In Wolman v. Walter, 433 U.S. 229, 97 S.Ct. 2593, 53 L.Ed.2d 714 (1977), the U.S. Supreme Court addressed the “establishment of religion” clause in the First Amendment of the United States Constitution, and held it was violated by statutory provisions pertaining to field trip services because the nonpublic school was the true recipient of the services and the public school authorities would be unable adequately to ensure secular use of the field trip funds without close supervision of the nonpublic institution, thus creating excessive church-state entanglement. The trial judge in the present case found this reasoning persuasive in applying § 5 of the Kentucky Constitution to the present case, and we agree.

On the other hand, the trial judge believed that “[t]here is no clear violation of *687Section 189 ... (because) taxes have not been raised for educational purposes but were taken from the general fund.” However, § 189 states in pertinent part that “[n]o portion of any fund or tax now existing,” as well as of any fund “that may hereafter be raised or levied for educational purposes, shall be appropriated to or used by or in aid of any church, sectarian or denomination school.” (Emphasis added). Because § 189 includes “any fund or tax now existing” as well as any tax “hereafter to be raised or levied for educational purposes,” we perceive § 189 as well as § 5 applying to the present circumstances.

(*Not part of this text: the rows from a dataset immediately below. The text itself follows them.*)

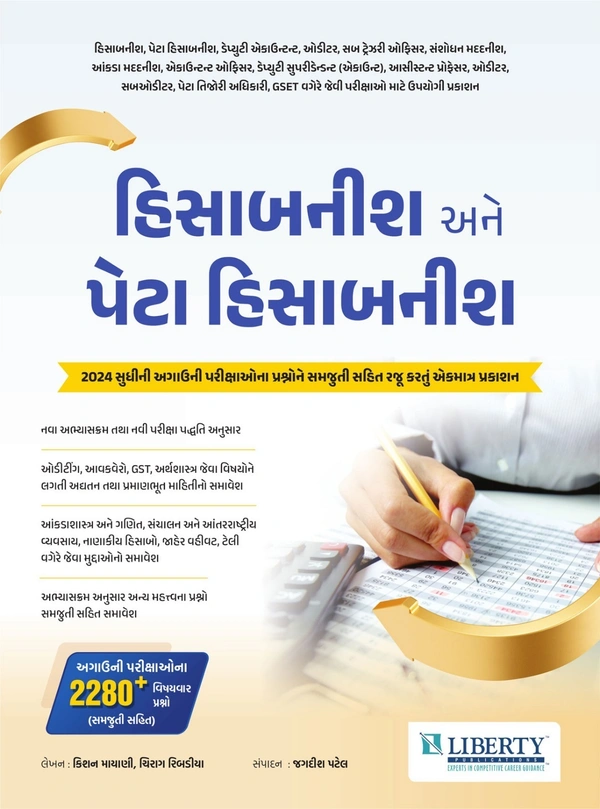 HISABNISH ANE PETA HISABNISH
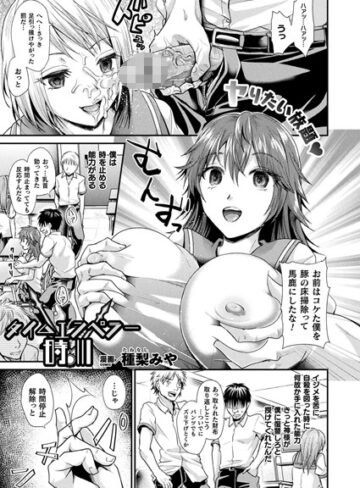 種梨みや/タイムエンペラー時川（単話）[単話]評価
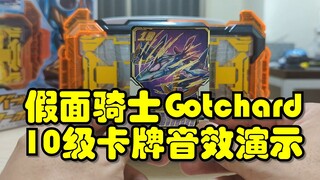 假面骑士Gotchard，10级卡牌音效演示~10级EXCEEDFIGHTER卡牌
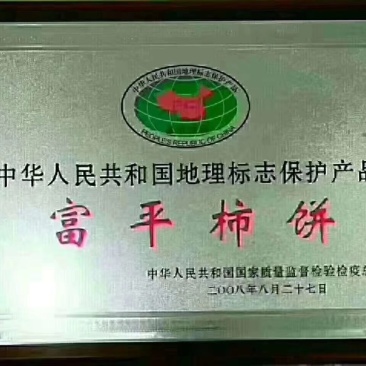 富平柿饼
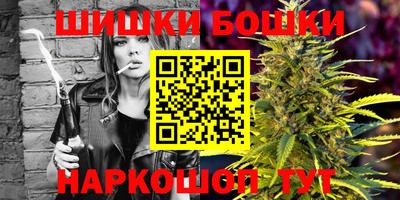 МДМА Коммунар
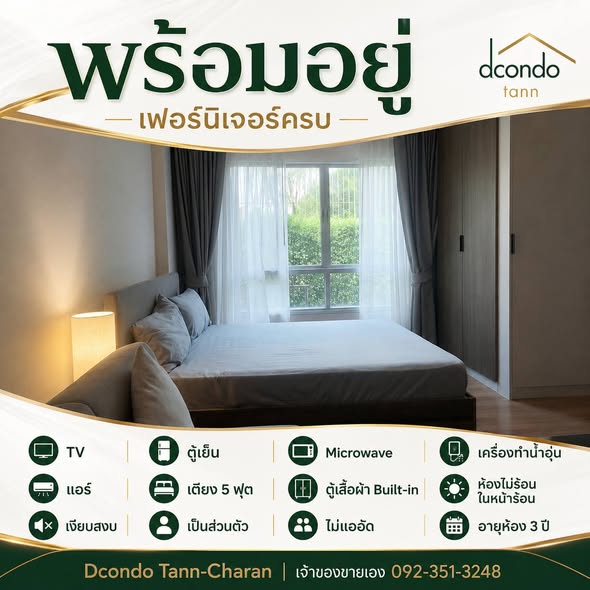 ดีคอนโด ธาร-จรัญฯ Dcondo Tann-Charan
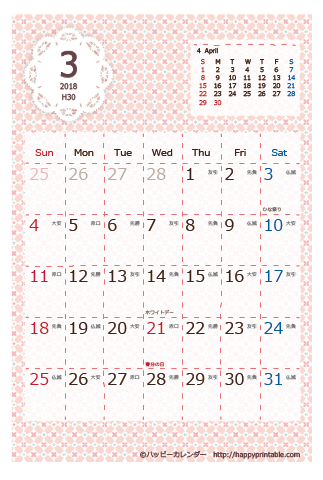 【2018年３月】　Chicピンク カレンダー　はがきサイズ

Therefore, for the reasons stated in this opinion, the judgment of the trial court is affirmed.

STEPHENS, C.J., and SPAIN and STUMBO, JJ., concur. WINTERSHEIMER, J., dissents by separate opinion in which LAMBERT and REYNOLDS, JJ., join.

. The present method of direct payment by grants to private schools and school systems does not conform to any of the methods specified in subsection (2), which raises issues which we will discuss later in this opinion.

. There is no Federal constitutional issue raised or decided in this case, either at trial or appellate level. We refer to decisions of the U.S. Supreme Court solely for their reasoning, and not as binding authority.